TASK:
Lines from the opening of the material through the line containing "Krncrlo~White Lolita Petticoat" must be duplicated word for word. Pictures are not.

—————

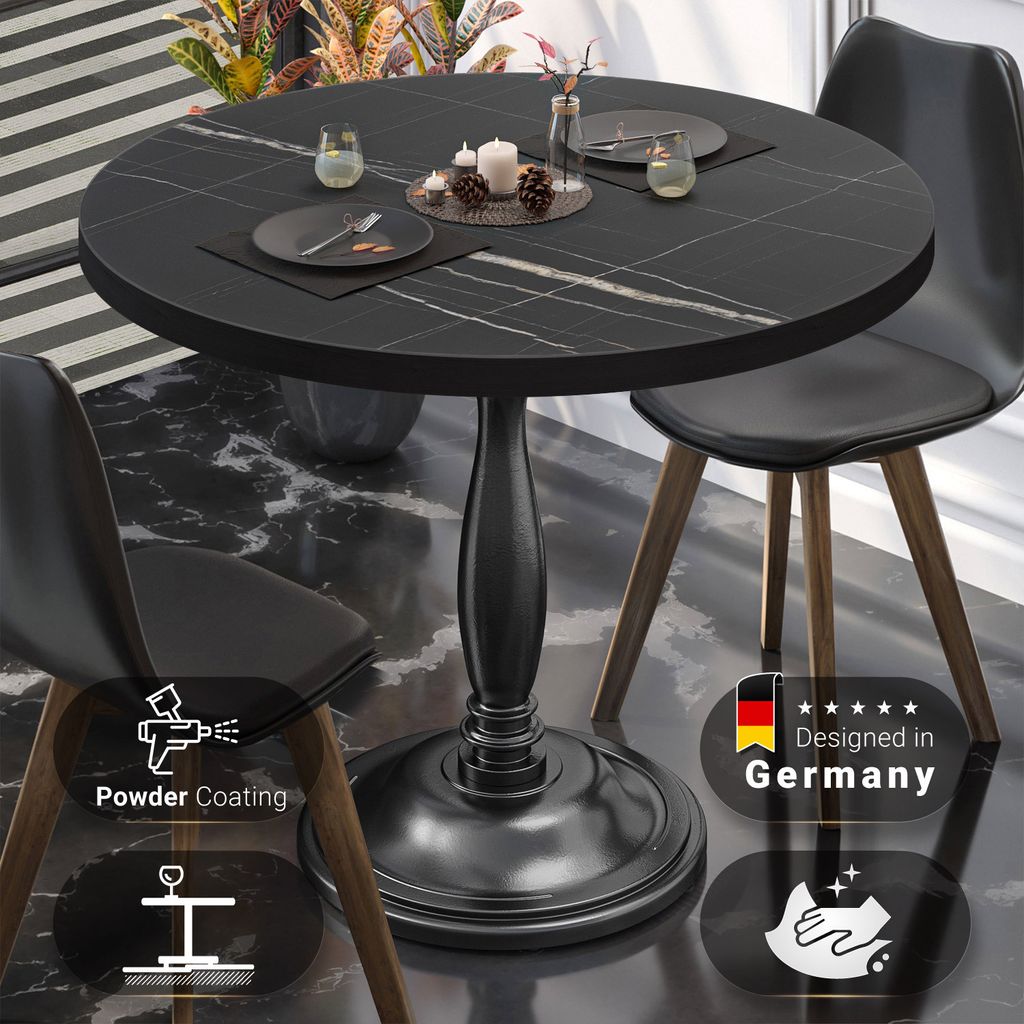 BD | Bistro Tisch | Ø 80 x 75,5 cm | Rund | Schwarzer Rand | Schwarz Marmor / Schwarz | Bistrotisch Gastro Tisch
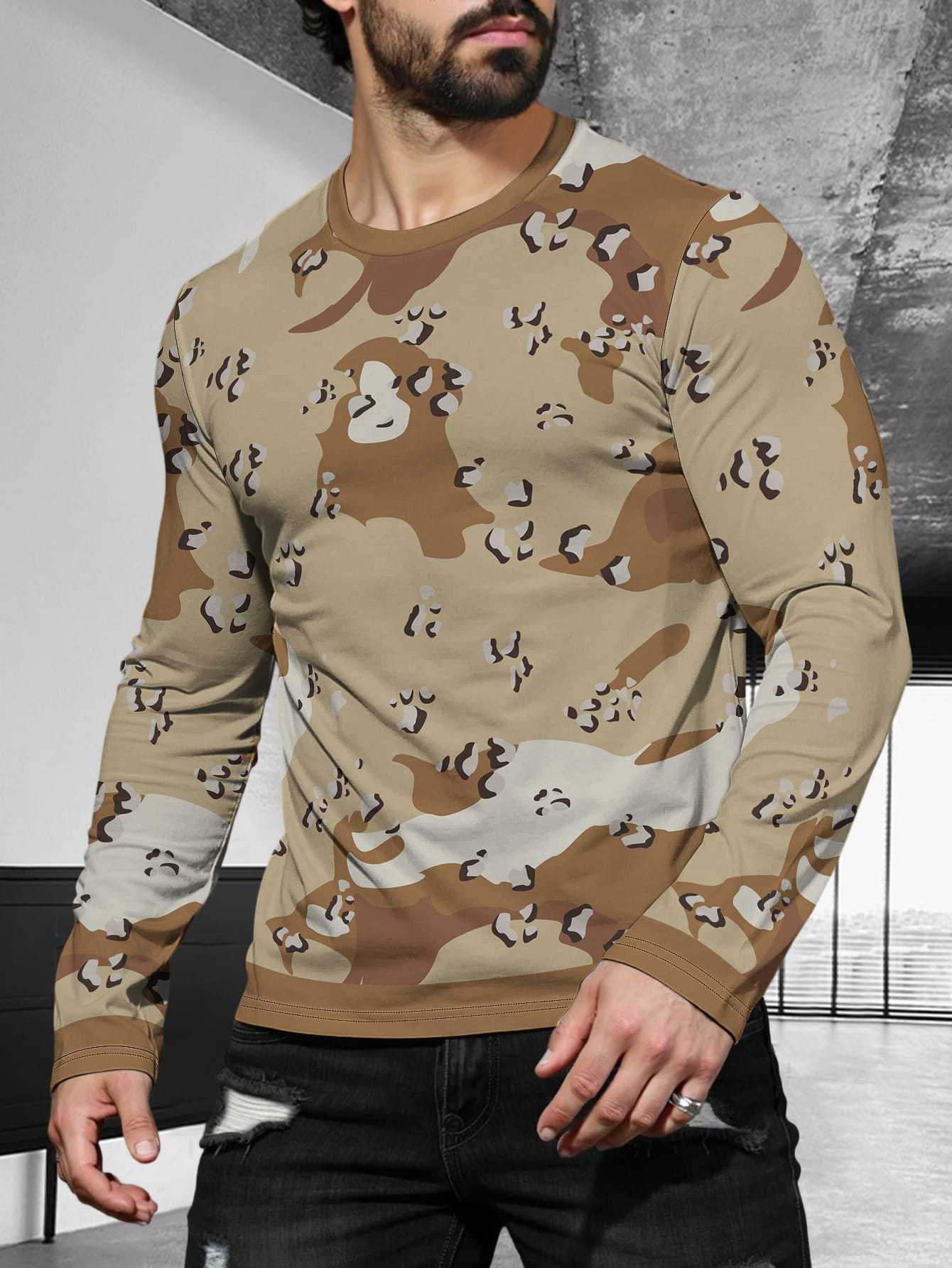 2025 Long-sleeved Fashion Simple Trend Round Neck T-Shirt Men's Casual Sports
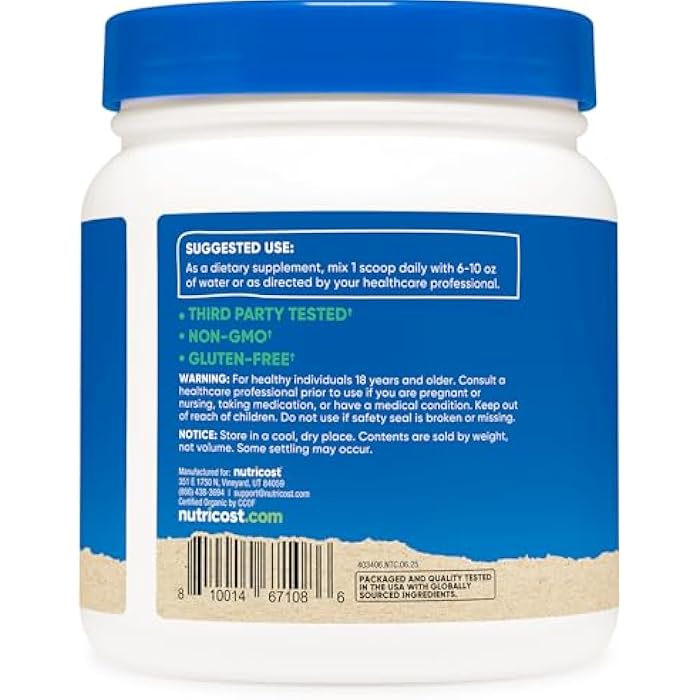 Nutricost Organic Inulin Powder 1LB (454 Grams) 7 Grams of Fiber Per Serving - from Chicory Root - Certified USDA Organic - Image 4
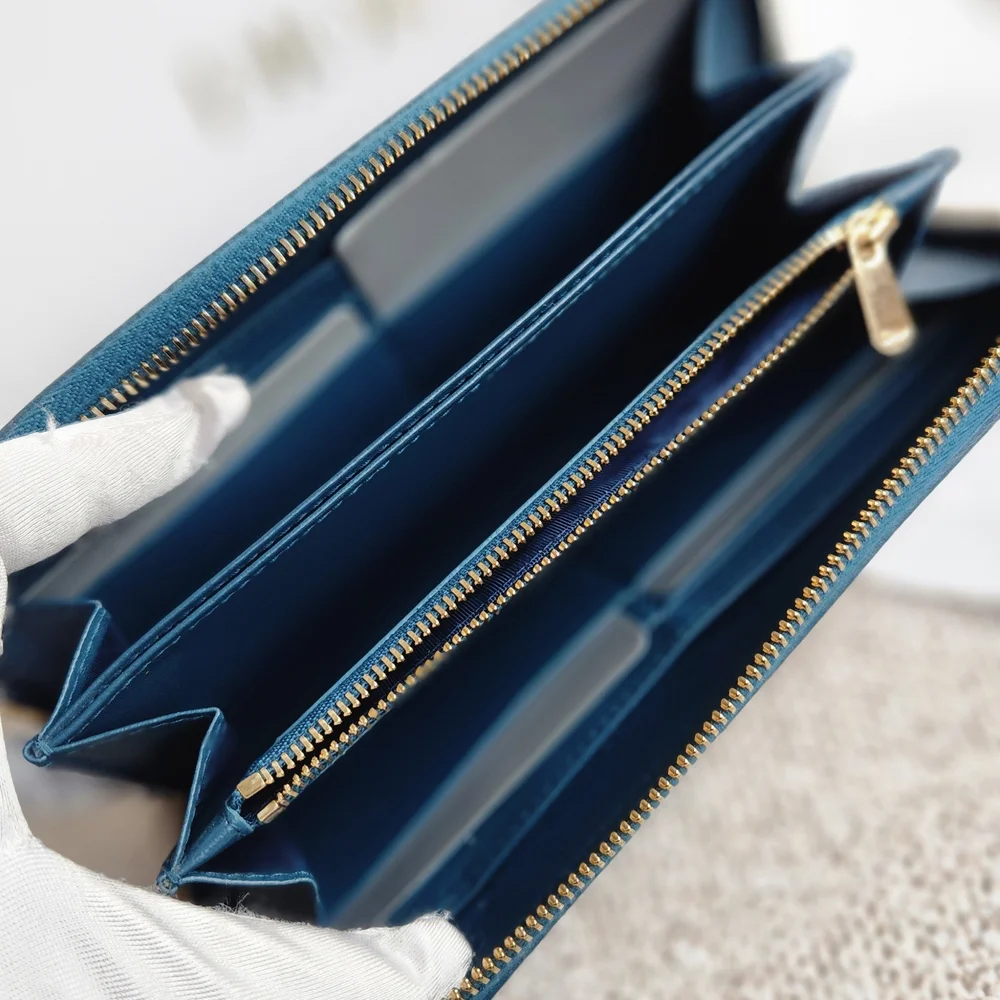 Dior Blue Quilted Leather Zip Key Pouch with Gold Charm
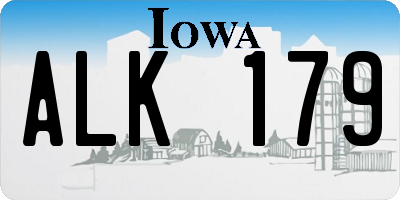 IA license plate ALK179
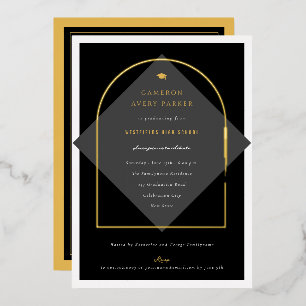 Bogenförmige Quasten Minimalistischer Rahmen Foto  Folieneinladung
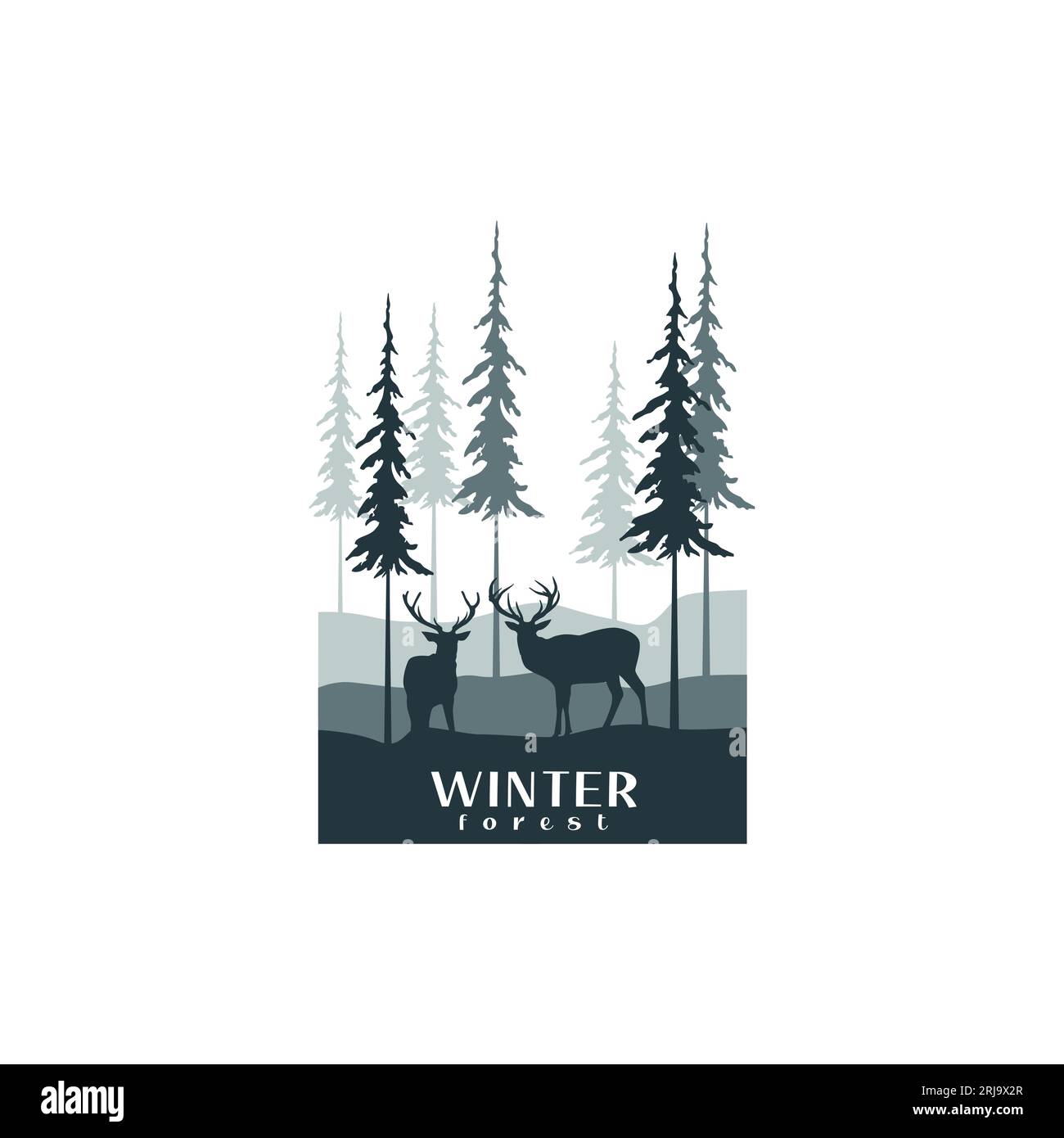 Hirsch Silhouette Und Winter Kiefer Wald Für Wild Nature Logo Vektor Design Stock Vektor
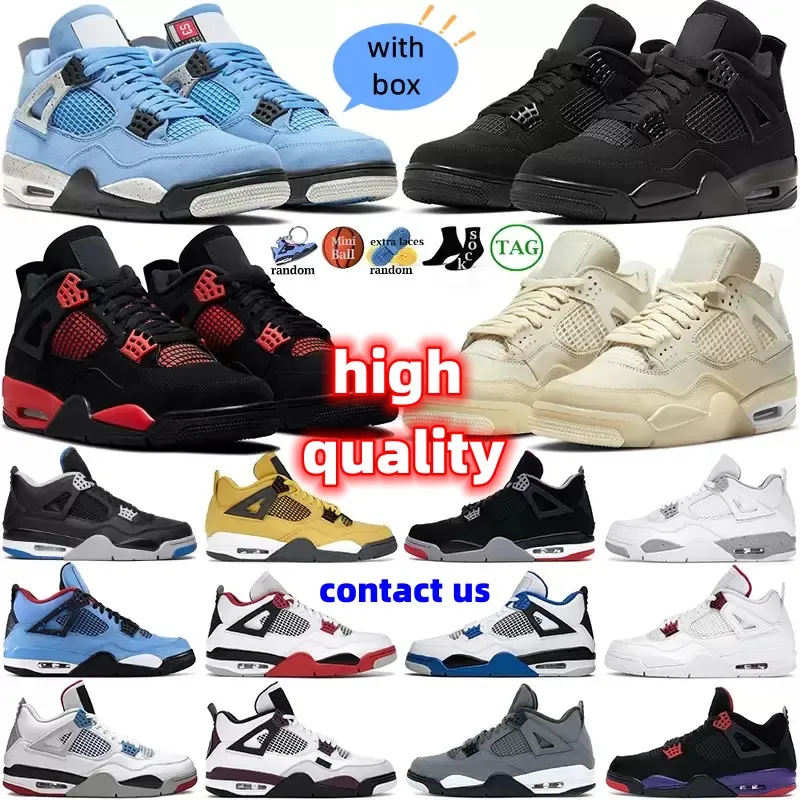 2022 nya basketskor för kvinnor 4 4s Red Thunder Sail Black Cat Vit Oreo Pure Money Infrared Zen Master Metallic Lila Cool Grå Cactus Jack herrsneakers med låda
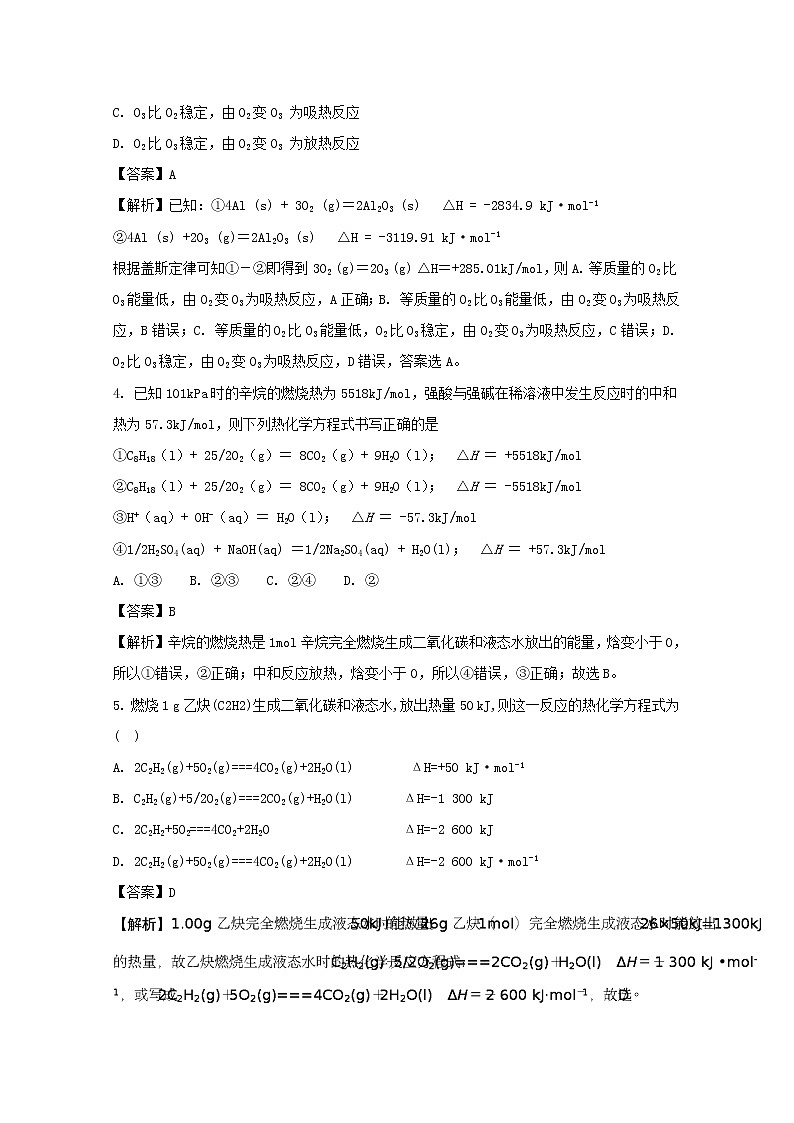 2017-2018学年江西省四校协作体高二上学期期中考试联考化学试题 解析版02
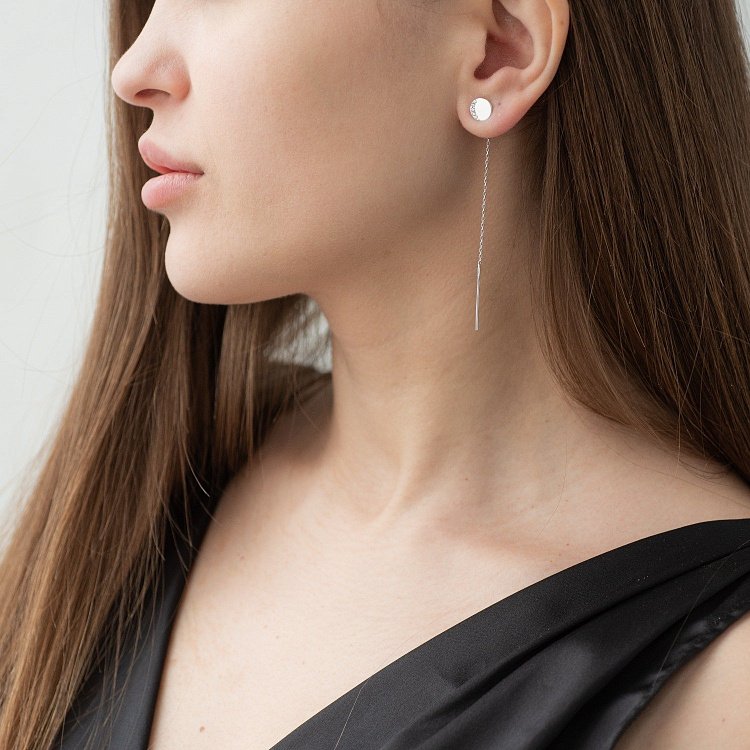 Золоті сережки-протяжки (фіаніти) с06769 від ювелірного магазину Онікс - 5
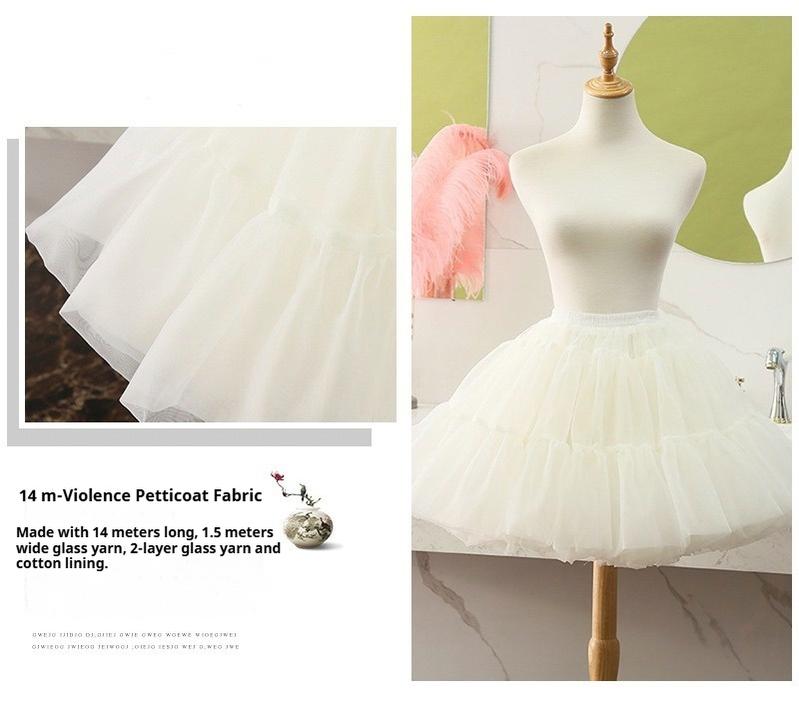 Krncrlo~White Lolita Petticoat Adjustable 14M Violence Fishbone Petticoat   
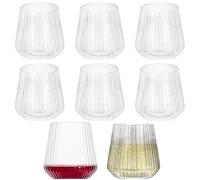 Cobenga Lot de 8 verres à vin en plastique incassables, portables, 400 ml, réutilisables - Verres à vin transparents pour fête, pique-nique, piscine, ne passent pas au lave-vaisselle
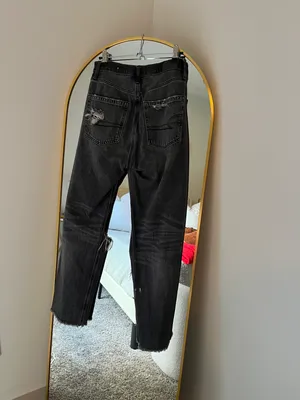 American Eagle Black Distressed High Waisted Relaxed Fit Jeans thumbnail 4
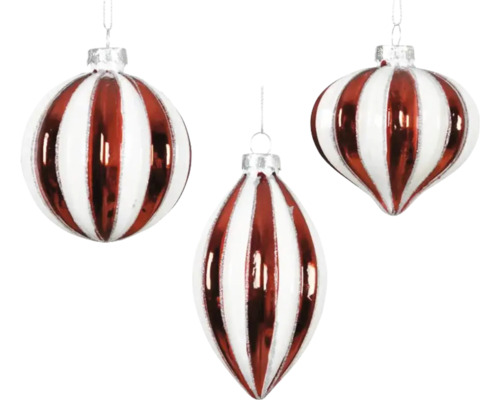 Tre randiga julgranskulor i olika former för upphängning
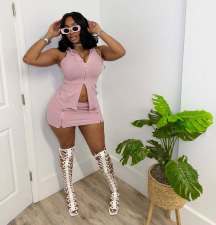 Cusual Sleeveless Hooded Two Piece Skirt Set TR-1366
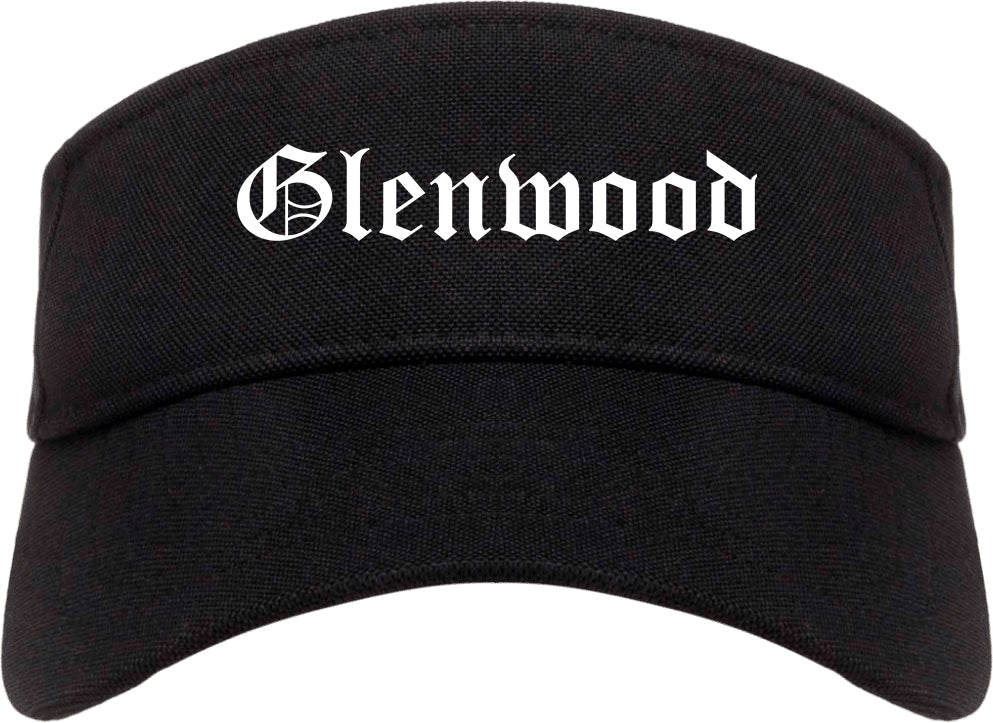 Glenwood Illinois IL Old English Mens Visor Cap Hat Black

—————

EXPECTED ANSWER:
 BD | Bistro Tisch | Ø 80 x 75,5 cm | Rund | Schwarzer Rand | Schwarz Marmor / Schwarz | Bistrotisch Gastro Tisch
 2025 Long-sleeved Fashion Simple Trend Round Neck T-Shirt Men's Casual Sports
 Nutricost Organic Inulin Powder 1LB (454 Grams) 7 Grams of Fiber Per Serving - from Chicory Root - Certified USDA Organic - Image 4
 Dior Blue Quilted Leather Zip Key Pouch with Gold Charm
 IA license plate ALK179
 Bogenförmige Quasten Minimalistischer Rahmen Foto  Folieneinladung
 Hirsch Silhouette Und Winter Kiefer Wald Für Wild Nature Logo Vektor Design Stock Vektor
 2022 nya basketskor för kvinnor 4 4s Red Thunder Sail Black Cat Vit Oreo Pure Money Infrared Zen Master Metallic Lila Cool Grå Cactus Jack herrsneakers med låda
 2017-2018学年江西省四校协作体高二上学期期中考试联考化学试题 解析版02
 Золоті сережки-протяжки (фіаніти) с06769 від ювелірного магазину Онікс - 5
 Krncrlo~White Lolita Petticoat Adjustable 14M Violence Fishbone Petticoat   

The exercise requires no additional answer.